Berkisah tentang proses kreatifnya, Yuditeha mengatakan bahwa dari sisi konten, sebenarnya novel Tiga Langkah Mati tidak ada yang istimewa. Bahkan, ujar Yuditeha, siappaun bisa membuat naskah yang serupa.

“Mungkin yang membedakan adalah  konsepnya. Ke penerbit saya menyodorkan konsep bahasa sastra yang ringan, namun tidak ikut arus bahasa milenial anak remaja masa kini. Kira-kira bahasa ini menjadi jembatan antara keduanya. Dengan sadar memang saya agak memaksakan,  tidak mengikuti arus,”  ujar Yuditeha.

Apa yang dibeberkan  Yuditeha itu senada dengan pandangan pembahas, Yessita Dewi.
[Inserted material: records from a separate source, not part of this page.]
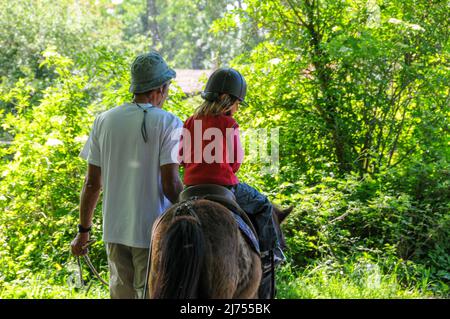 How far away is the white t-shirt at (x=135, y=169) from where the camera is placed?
10.6 ft

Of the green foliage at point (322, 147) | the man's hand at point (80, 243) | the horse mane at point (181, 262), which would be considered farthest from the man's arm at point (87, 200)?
the green foliage at point (322, 147)

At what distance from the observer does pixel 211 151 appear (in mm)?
3328

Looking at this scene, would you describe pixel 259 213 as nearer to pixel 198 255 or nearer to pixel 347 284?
pixel 198 255

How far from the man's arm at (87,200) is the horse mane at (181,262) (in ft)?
3.15

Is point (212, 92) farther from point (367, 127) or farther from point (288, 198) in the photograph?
point (367, 127)

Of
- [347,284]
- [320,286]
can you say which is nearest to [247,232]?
[320,286]

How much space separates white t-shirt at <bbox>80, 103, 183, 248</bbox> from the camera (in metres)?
3.24

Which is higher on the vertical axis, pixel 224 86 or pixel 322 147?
pixel 224 86

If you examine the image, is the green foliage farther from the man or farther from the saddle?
the saddle

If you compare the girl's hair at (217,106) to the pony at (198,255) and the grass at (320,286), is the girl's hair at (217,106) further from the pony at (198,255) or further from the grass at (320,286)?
the grass at (320,286)

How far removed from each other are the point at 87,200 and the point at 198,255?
1187mm

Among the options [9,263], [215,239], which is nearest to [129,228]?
[215,239]

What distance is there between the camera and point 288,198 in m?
6.55

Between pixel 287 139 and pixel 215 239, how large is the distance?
507 centimetres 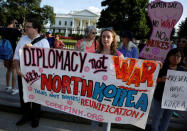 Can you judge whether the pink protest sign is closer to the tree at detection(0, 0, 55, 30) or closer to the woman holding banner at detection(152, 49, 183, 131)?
the woman holding banner at detection(152, 49, 183, 131)

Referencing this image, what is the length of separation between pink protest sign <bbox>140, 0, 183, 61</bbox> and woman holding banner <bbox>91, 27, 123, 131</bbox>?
2.01m

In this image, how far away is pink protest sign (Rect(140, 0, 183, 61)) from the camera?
350 cm

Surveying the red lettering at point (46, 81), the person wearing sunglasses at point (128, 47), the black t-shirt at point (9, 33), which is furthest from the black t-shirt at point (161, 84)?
the black t-shirt at point (9, 33)

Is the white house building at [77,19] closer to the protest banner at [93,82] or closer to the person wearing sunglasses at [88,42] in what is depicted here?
the person wearing sunglasses at [88,42]

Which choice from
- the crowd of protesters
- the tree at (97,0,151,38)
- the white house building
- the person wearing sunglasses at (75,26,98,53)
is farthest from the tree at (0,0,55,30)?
the crowd of protesters

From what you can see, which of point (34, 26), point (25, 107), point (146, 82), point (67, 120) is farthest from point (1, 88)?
point (146, 82)

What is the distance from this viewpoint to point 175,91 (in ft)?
7.46

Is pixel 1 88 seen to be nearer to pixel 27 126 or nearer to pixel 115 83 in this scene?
pixel 27 126

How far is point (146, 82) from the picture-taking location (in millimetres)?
2121

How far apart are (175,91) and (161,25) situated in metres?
2.03

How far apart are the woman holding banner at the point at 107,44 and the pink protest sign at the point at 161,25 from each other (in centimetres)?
201

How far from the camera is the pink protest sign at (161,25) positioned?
138 inches

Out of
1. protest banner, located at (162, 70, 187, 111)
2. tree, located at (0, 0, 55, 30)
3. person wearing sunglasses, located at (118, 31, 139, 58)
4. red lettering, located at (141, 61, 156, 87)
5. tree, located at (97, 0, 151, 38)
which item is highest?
tree, located at (0, 0, 55, 30)

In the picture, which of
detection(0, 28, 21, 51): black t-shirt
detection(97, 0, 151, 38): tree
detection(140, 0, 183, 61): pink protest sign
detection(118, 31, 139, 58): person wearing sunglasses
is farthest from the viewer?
detection(97, 0, 151, 38): tree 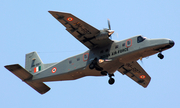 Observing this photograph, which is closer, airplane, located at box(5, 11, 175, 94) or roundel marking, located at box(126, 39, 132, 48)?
airplane, located at box(5, 11, 175, 94)

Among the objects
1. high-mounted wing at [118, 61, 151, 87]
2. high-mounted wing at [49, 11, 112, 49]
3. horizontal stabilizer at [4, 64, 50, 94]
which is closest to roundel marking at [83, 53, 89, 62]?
high-mounted wing at [49, 11, 112, 49]

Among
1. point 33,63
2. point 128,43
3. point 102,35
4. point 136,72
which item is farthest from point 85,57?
point 33,63

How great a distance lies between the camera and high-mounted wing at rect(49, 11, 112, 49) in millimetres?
30188

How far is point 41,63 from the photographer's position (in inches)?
1468

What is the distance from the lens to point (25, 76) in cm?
3553

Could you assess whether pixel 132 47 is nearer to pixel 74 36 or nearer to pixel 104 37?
pixel 104 37

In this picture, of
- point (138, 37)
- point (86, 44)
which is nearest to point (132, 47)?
point (138, 37)

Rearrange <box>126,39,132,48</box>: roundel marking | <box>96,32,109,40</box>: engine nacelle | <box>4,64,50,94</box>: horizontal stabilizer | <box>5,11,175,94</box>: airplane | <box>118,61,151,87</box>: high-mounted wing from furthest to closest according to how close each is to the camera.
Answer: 1. <box>118,61,151,87</box>: high-mounted wing
2. <box>4,64,50,94</box>: horizontal stabilizer
3. <box>96,32,109,40</box>: engine nacelle
4. <box>126,39,132,48</box>: roundel marking
5. <box>5,11,175,94</box>: airplane

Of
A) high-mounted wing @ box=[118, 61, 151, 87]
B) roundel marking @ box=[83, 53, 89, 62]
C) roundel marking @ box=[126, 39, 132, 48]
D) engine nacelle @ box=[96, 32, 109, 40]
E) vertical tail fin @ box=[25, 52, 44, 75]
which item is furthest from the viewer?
vertical tail fin @ box=[25, 52, 44, 75]

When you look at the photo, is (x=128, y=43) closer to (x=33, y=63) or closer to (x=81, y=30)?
(x=81, y=30)

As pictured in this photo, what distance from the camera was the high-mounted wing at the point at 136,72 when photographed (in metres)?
35.3

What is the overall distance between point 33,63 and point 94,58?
865 cm

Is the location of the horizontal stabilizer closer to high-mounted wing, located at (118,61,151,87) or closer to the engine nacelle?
high-mounted wing, located at (118,61,151,87)

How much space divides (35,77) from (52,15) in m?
8.77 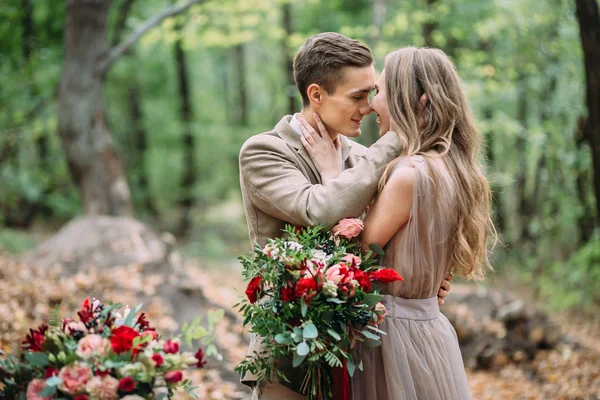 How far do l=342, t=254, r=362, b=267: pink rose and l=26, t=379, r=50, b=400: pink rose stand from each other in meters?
1.14

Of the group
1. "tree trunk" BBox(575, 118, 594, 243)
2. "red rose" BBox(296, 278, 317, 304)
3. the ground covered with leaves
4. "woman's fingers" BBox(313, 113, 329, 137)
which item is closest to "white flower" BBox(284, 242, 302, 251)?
"red rose" BBox(296, 278, 317, 304)

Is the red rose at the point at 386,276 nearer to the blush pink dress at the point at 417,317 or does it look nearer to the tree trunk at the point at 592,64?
the blush pink dress at the point at 417,317

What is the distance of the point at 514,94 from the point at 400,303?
31.6 ft

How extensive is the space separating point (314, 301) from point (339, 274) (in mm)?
136

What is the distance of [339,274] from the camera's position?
7.50ft

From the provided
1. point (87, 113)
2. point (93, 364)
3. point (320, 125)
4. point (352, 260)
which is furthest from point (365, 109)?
point (87, 113)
Ia mengatakan, sebelum membahas novel tersebut, ia memberikannya kepada anak-anak usia remaja.

“Setelah itu saya tanya, ternyata dia paham dengan isi dan makna dari novel ini. Ini artinya, konsep yang diusung oleh penulis berhasil mencapai sasaran. Ini adalah  novel remaja yang nyastra,” ujarnya.

Yessita sempat menduga, setting remaja yang diambil jangan-jangan setting remaja penulis sendiri. Pasalnya, dari awal sampai akhir tidak ditemui kosa kata atau istilah-istilah remaja masa kini. Tidak ada pula handphone dan perangkat-perangkat masa kini dalam novel remaja itu.

“Istilahnya tidak ada akronim dan bahasa mutakhir remaja masa kini. Bahkan sekadar SMS pun tidak ada di novel ini,”  ujarnya.

Dengan konsep tersebut, diakui Yessita, meskipun mudah memahami jalan ceritanya, namun agak sulit bagi anak-anak SMA jaman sekarang untuk membayangkan gaya remaja masa lalu.

Sementara Ruly menjelaskan, novel Tidak Ada Kartu Merah karyanya berangkat dari hal yang ringan.  “Saya mulai dari apa yang saya pahami dulu,” ujar penggemar sepak bola dan fans Arsenal tersebut.

Sepak bola antar kampung (Tarkam) menjadi setting pilihannya dalam novel ini, karena menurutnya memiliki keunikan dibanding  sepakbola mainstream.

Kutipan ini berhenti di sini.